We're in our forties and fifties, and we've been meeting once a week for a couple of decades to play board games. Occasionally we meet with other people, but usually there's just three of us: two women (a professional video game programmer, and a teacher at the University of California, Berkeley), and one man (a librarian).

When we find a good game, we get obsessed, playing it week after week for hours on end and inventing multiple variants just for fun, so that we can play it for even more weeks.

We like games with lots of pieces that look attractive and feel good to touch. German games are particular cool in this regard.

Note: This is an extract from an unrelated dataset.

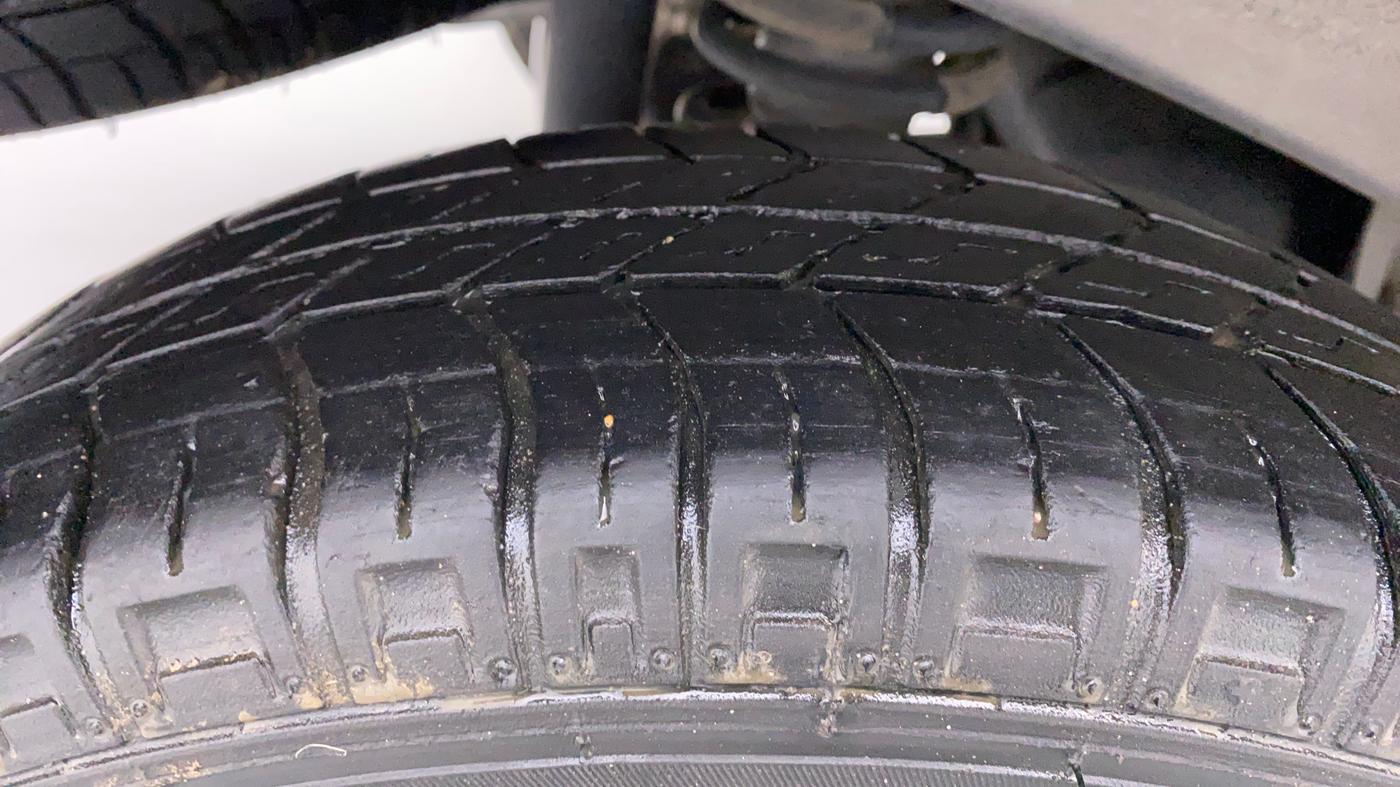 2020 Maruti Eeco 5 STR WITH AC PLUSHTR, Petrol, Manual, 27,481 km, Right Rear Tyre Tread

In games that allow trading of resources, we seldom trade; we're paranoid about each others' motives and suspicious that we won't get a good deal. In games that allow paid-passage on other players' routes, we seldom do so, prefering to build our own routes and travel on them rather than enrich someone else's coffers. In games that allow but do not require direct conflict, we often avoid attacking one another (except in Solarquest, because--come on!--how else are you gonna win except with a "stab at thee" laser war if you fall seriously behind?). We prefer to build our own routes, collect our own resources, and play our own game, and many of our variants are designed to extend play for several hours so that we can max out the game's routes, resources, and scenarios.

One of us whines a lot when she gets behind. One of us has freakish luck with dice. And one of us is a master of optimizing variables.